(What the task requires):
Using the records below, write out only the lines from the line containing "[TopNotchBitches.com / MeatMembers.com]" up to and including the line containing "TURBOSOUND IP2000-PC - POKROWIEC", exactly, with no pictures.

┏━━

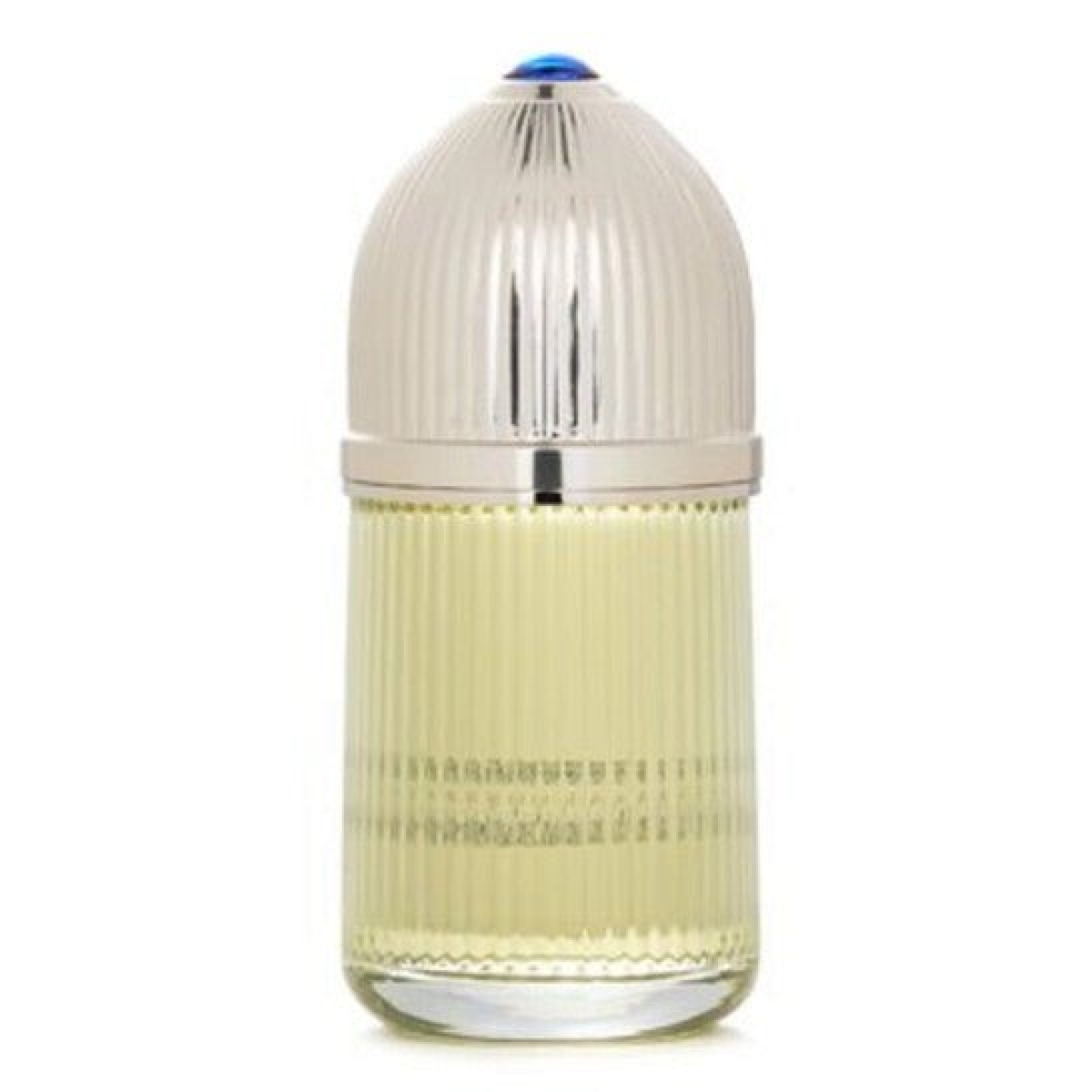 Cartier Pasha Eau De Toilette Spray 100ml – Elegant Fragrance for Men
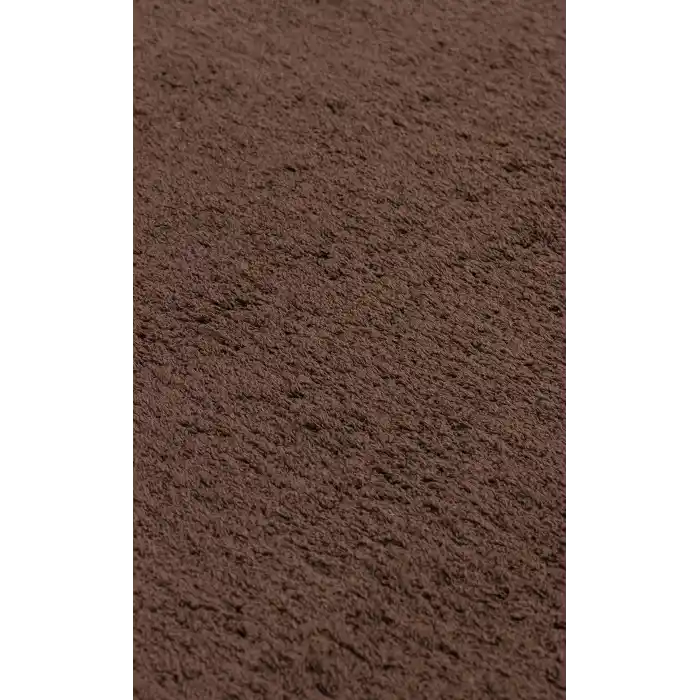 RIGA HALI 0009 Hav Toz Vermez Ekstra Yumuşak Dokulu Makine Halısı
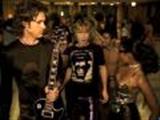play video on Singing Fool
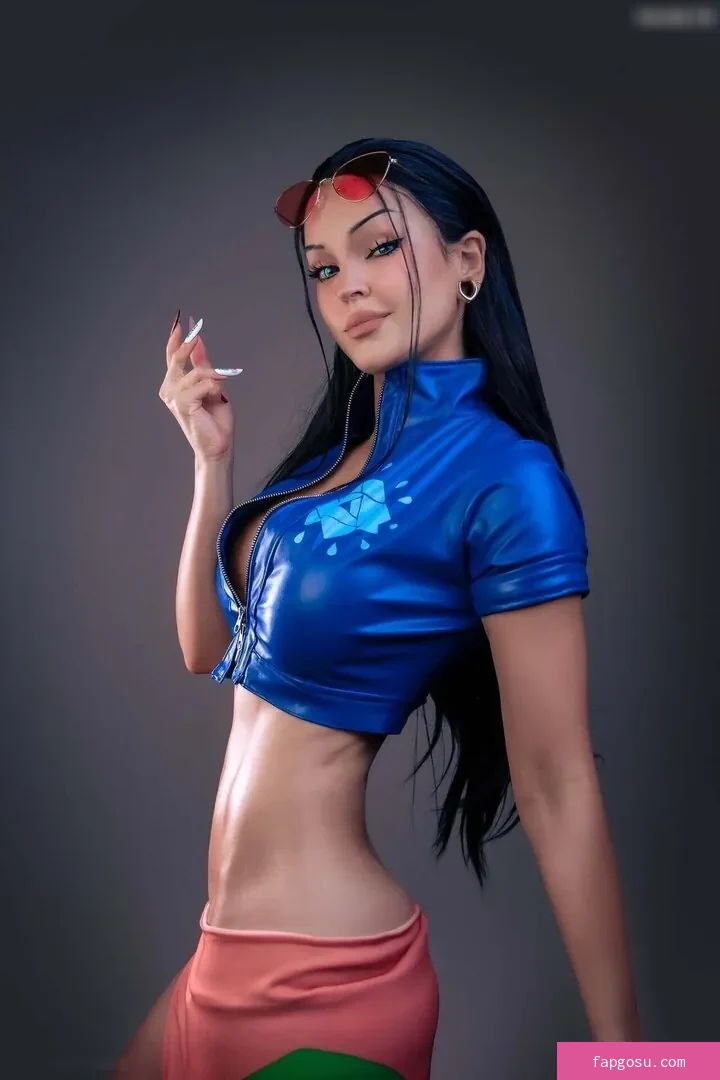 Andrasta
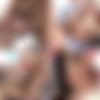 [TopNotchBitches.com / MeatMembers.com] Shy Love (id=1480) [May 02, 2012 ., Panty, Hardcore, Gagging, Facials, Brunettes, Blowjob] [MP4] thumb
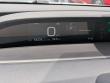 2020 Toyota Prius XLE Hatchback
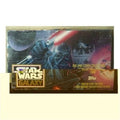 Trading Cards Box 36 Count A398603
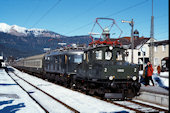 DB 169 002 (12.01.1997, Garmisch-Partenkirchen, als E69 02, mit E18 08)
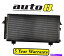 ǥ󥵡 ȥ西RAV4 ACA22R 2.4Lڥȥ2AZ -FE 08/03-10/05ѥACǥ󥵡 Air Con AC Condenser for Toyota Rav4 ACA22R 2.4L Petrol 2AZ-FE 08/03 - 10/05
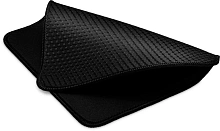 Коврик для мышки FLICK S 210x250x3 MM REDRAGON 77987 DEFENDER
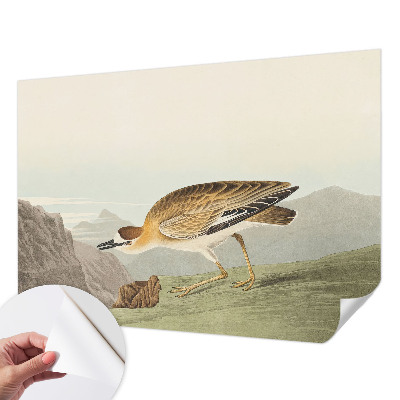 Tapeta fotograficzna samoprzylepna Tapeta fotograficzna samoprzylepna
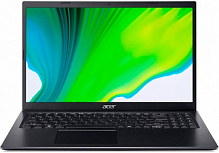 Ноутбук Acer Aspire 5 A515-56-52HD 15,6 (NX.A19EU.009) charcoal black 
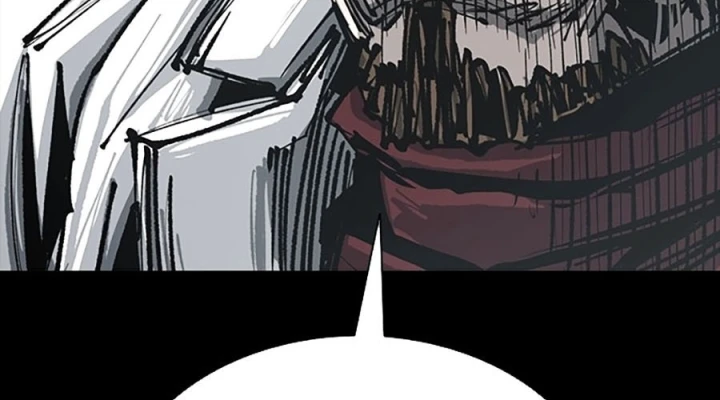 Gia Tộc Tài Phiệt Chapter 1 - 256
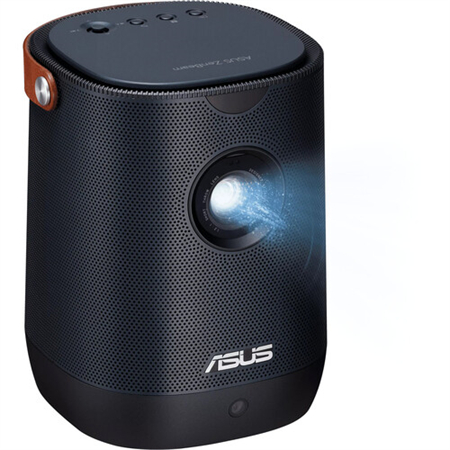 Asus ZenBeam L2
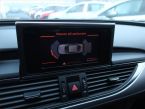 Audi A6 - fotka číslo 17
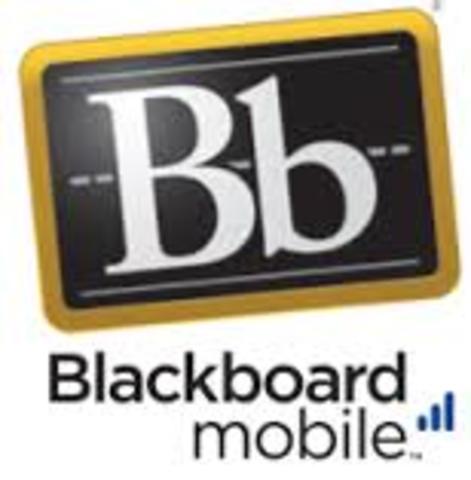 Blackboard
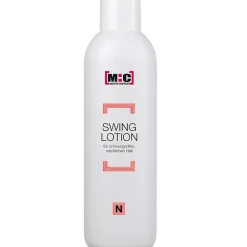 Meister Coiffeur Styling-Gel & Creme|M:C Swing Lotion N 1000 ml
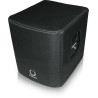 TURBOSOUND IP2000-PC - POKROWIEC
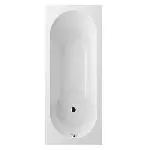 Ванна кварилова Villeroy&Boch Libra UBQ180LIB2V-01 - Фото 2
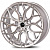 Lizardo XH1024 8x18 5*114.3 ET40 DIA67.1 SMF Литой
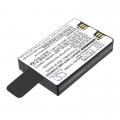 Akumulator Southern Polaris X3 BTNF-L7411W 4200mAh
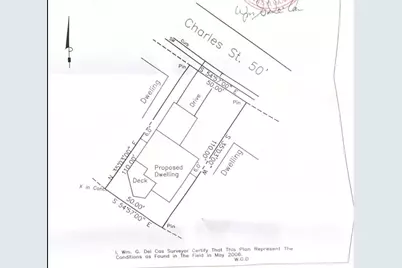 507 Charles St, Speers Boro, PA 15022 - Photo 5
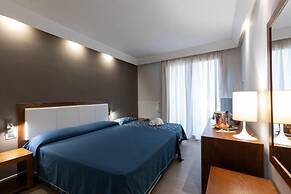 Aurora e del Benessere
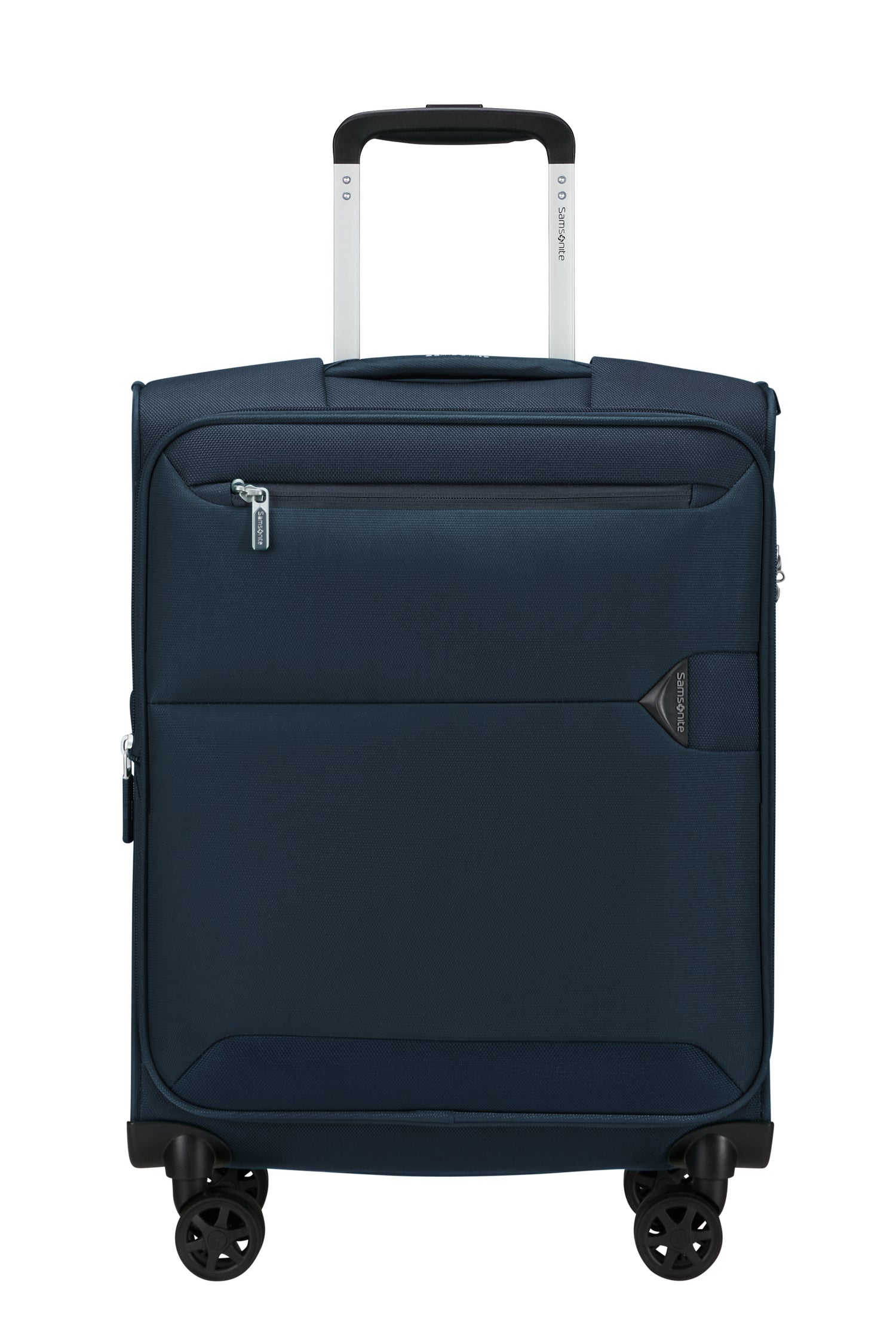 Samsonite Urbify Spinner expandable (4 wheels) 55cm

┗━━

(Solution):
 [TopNotchBitches.com / MeatMembers.com] Shy Love (id=1480) [May 02, 2012 ., Panty, Hardcore, Gagging, Facials, Brunettes, Blowjob] [MP4] thumb
 2020 Toyota Prius XLE Hatchback
 Trading Cards Box 36 Count A398603
 DB 169 002 (12.01.1997, Garmisch-Partenkirchen, als E69 02, mit E18 08)
 ǥ󥵡 ȥ西RAV4 ACA22R 2.4Lڥȥ2AZ -FE 08/03-10/05ѥACǥ󥵡 Air Con AC Condenser for Toyota Rav4 ACA22R 2.4L Petrol 2AZ-FE 08/03 - 10/05
 Коврик для мышки FLICK S 210x250x3 MM REDRAGON 77987 DEFENDER
 Tapeta fotograficzna samoprzylepna Tapeta fotograficzna samoprzylepna
 Ноутбук Acer Aspire 5 A515-56-52HD 15,6 (NX.A19EU.009) charcoal black 
 Gia Tộc Tài Phiệt Chapter 1 - 256
 Asus ZenBeam L2
 Audi A6 - fotka číslo 17
 Blackboard
 Meister Coiffeur Styling-Gel & Creme|M:C Swing Lotion N 1000 ml
 TURBOSOUND IP2000-PC - POKROWIEC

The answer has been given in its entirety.